Além (da) Imagem

Colette e Lucie

E se os pássaros fossem…

Era um dia pela manhã. Era uma manhã cinzenta com um pássaro na janela.

Eu posso acreditar no aconchego que Colette diz a Lucie, a jovem que acompanha a derradeira resistente, depois de ouvir o canto dos pássaros: “Quem sabe os pássaros não são a coletânea de nossas tristezas? Talvez seja Jean Pierre dizendo que está feliz”. Se me diz que os pássaros são vozes do passado, eu posso acreditar.

Colette acolhe. Uma pequena cena inicial, em que a protagonista se dirige e pede ao pássaro pousado em seu parapeito para que não tenha medo e não fuja, me deixa a vontade de contar quantas vezes o filme todo cabe aqui, nesta sequência.

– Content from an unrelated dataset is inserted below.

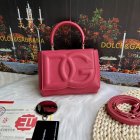 Dolce & Gabbana High Quality Handbags 481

Atravessando a janela, com Collette e Lucie, a possível brisa se transforma em uma densa parede, que Colette lembra ser Jean-Pierre capaz de atravessar. De tão pesada, ela cai pelos olhos das duas meninas. “Por que não trouxe flores?”, pergunta Colette a Lucie. Corporificar em flores é certamente para que os pássaros se aproximem.

O horror deste mundo, guardado em intocáveis espaços, nos cai sobre a cabeça e toma forma no simbolismo que se apropria de ruínas. A memória e a construção.

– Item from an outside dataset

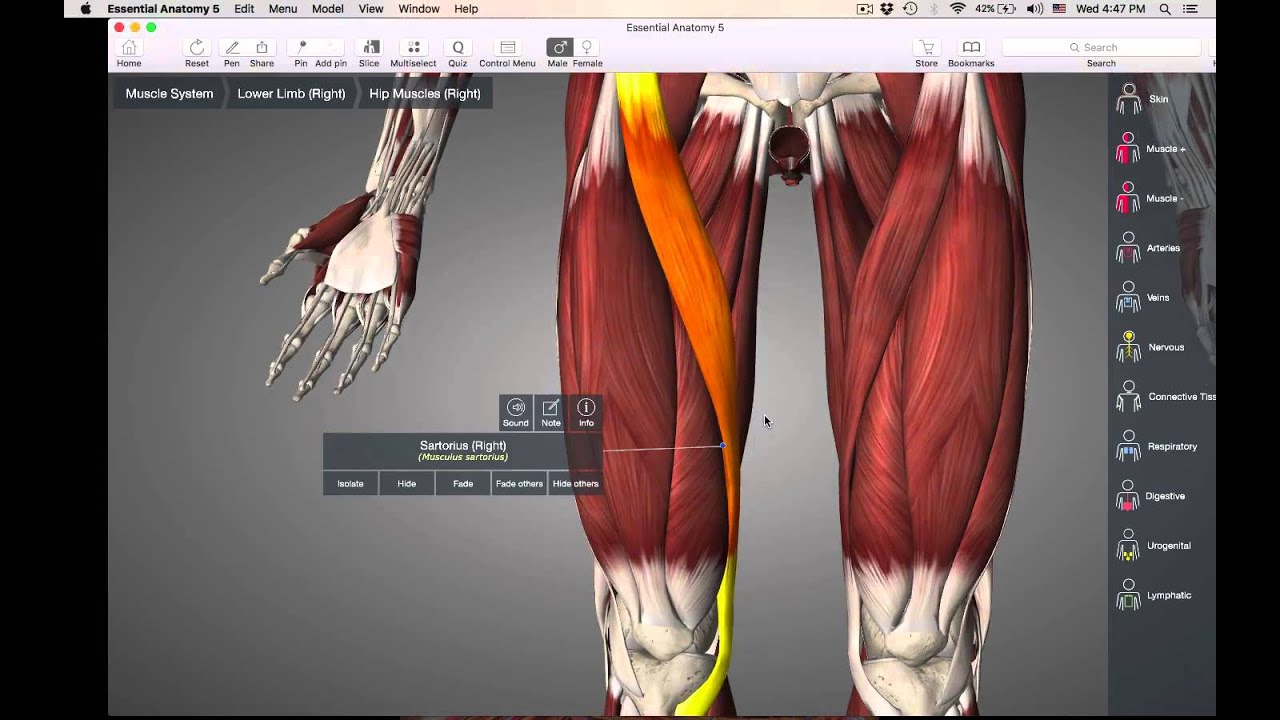 hip fexors:extendors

“Se essas colinas falassem, nós ouviríamos gritos.”

Gritaria mais alto do que podemos enxergar.

Colette e Lucie olhando fotografia de Jean Pierre

Ao se prepararem para encarar o invisível, é de encorajante delicadeza o ato de tirarem juntas o retrato de Jean-Pierre da parede. Como Lucie já havia avisado antes, retomar as feições é mais poderoso do que listar os nomes. A individualização, a personificação, que neste tempo ouvimos todos os dias, não é só um número.

E é então, quando se familiariza, que se faz a ausência.

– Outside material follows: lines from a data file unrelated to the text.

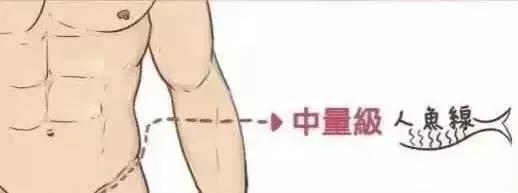 人鱼线等级划分标准,人鱼线是上下半身分界线吗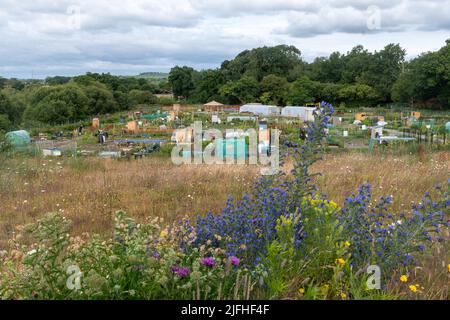 Zuteilungen und Gemeinschaftsgartenbereich im Edenbrook Country Park in der Nähe von Fleet, Hampshire, England, Großbritannien Stockfoto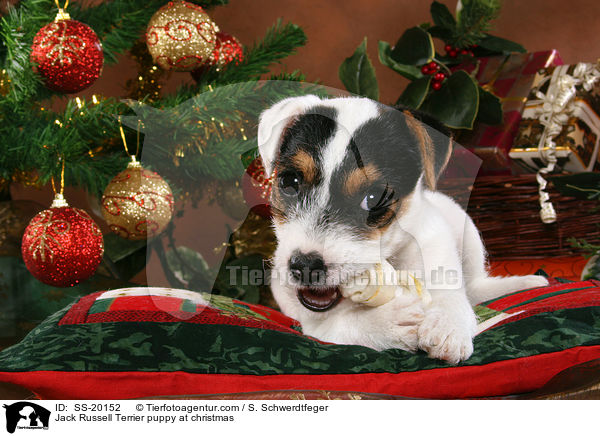 Parson Russell Terrier weihnachtlich / Parson Russell Terrier at christmas / SS-20152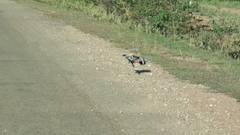 Upupa epops longirostris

Colette e Lucie no campo de concentração

Empilhando vazios.

Colette conta, no início da travessia, como a incomodava determinados comportamentos de visitantes em um campo de concentração.

Nitidamente, apesar do “turismo mórbido” em seu pior sentido mencionado por ela própria, é certo esperar o inevitável.

É inevitável olhar o mar e não delinear o que teria além dele. Se equilibrar em cima do trópico e pensar no que isto significa. Quem esteve aqui, o que era isto, quando isto foi medido? Onde estão estas pessoas?

Olhar um retrato em cima do móvel, perceber que agora existe um quarto que está vazio. 

Aprendi que experiências não se comparam e não podem ser contadas fielmente aos fatos.

“Jean- Pierre morreu em 22 de março de 1945. Três semanas antes das tropas americanas libertarem os campos.”

Tão inevitável. Pensar, calcular, milimetrar, quantificar as possibilidades de ter mudado o passado ou o presente, dependendo de quem é você. Contar. Pessoas, dias, trabalho, comida.

“Estudar este período mórbido e violento da História pode nos ajudar a prevenir que isso não aconteça de novo”, diz Lucie, antes de saber por Colette que entrar para a resistência não era uma simples escolha, mas que uma vez dentro dela não haveria volta.

Acolhimento no desalento.

 

 

[notas]

Colette, Anthony Giacchino, 2020, Oscar de Melhor Documentário de Curta-Metragem de 2021

As falas das personagens foram traduzidas livremente pela autora.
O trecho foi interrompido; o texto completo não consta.